Hello JRO, I'm somewhat new to this board. I think a great deal of this question also depends on how many photos you take per session and per year. I'll get maybe 30 to 70 shots per session, and am lucky to get 6 dive trips in a year, so I don't feel the need for a dedicated light table/loupe program like Aperature, I just plod through my photos in photoshop siphoning the "keepers" into new folders as .psd files so I'm doing all the sorting myself. I can use bridge to view the keeper folders if I need to, and I also make separate iPhoto albums (yes, iPhoto :shocked2

for use with automated web gallery programs.
I think the photography vs graphics issue applies purely to "On Land" photography. IMHO the color challenges involved with underwater photography make photoshop an eventuality that cannot be avoided.
If budget is a concern, or if you shoot zillions of photos, you might get Aperture first. If your number of photos is not unmanageable and you've got the dough-ray-me, you might want to go straight to photoshop first.
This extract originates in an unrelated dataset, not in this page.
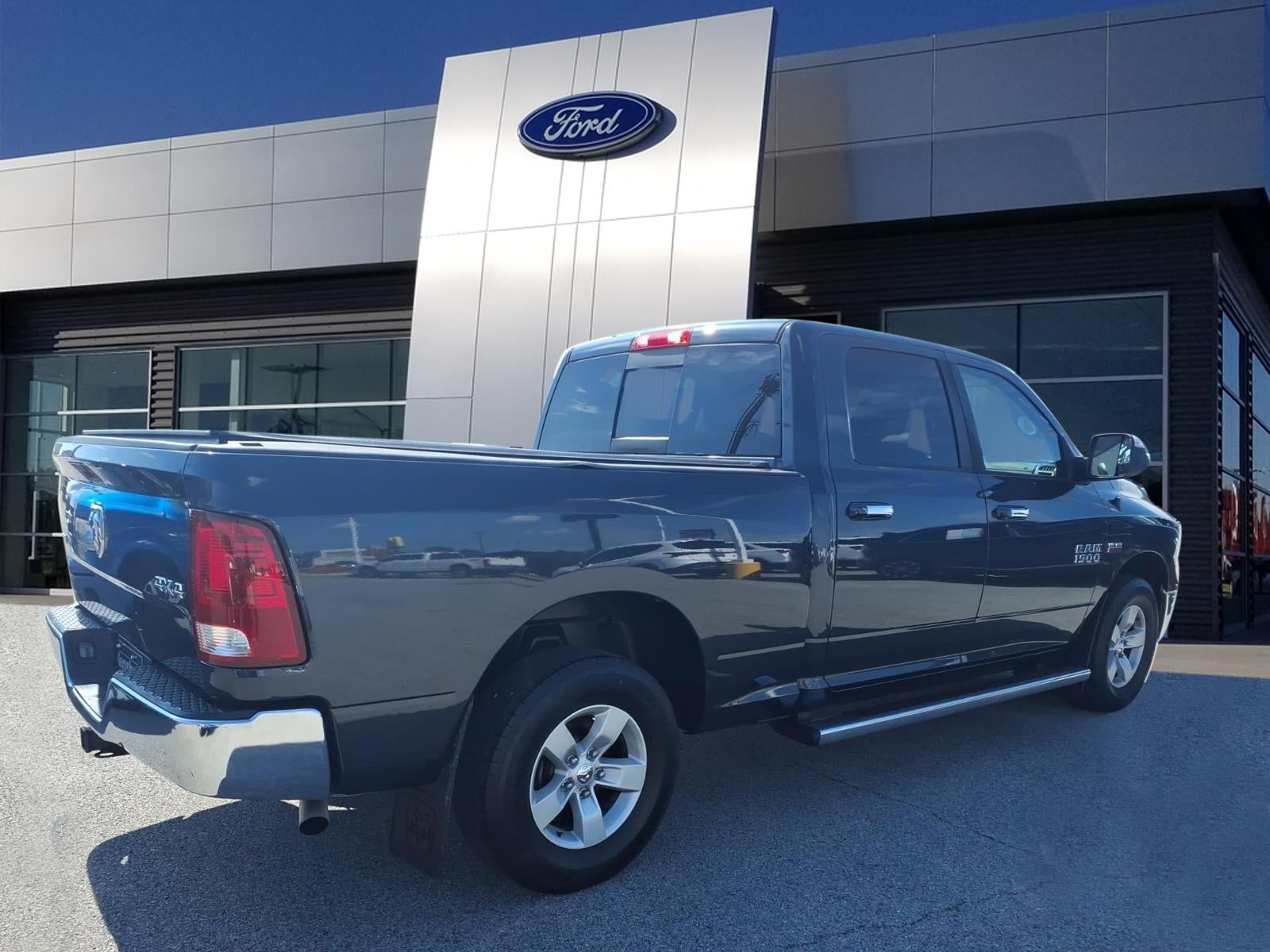 2016 RAM 1500 SLT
As for sharks vs water, with color editing, you always move from the largest problem first to the smallest problem last. As M_Bipartitus aluded to, in underwater photo levels will almost always be your largest problem and will almost always be your first move. If your levels are fairly straight you could then move on to the shark and you could use a selective color tool to futz with the shark.
The Selective Color color control in photoshop has Neutrals, which you could use for the shark in which case you would not even have to select the shark. Hue Satch selective color control has no neutrals so in that case you have to at least make a loose selection. Selective Color in this case would be your best choice over Hue Satch, but it is a CMYK tool so it might intimidate new users and is probably not available in Elements.
Hope that helps. I'm somewhat long-winded, I know.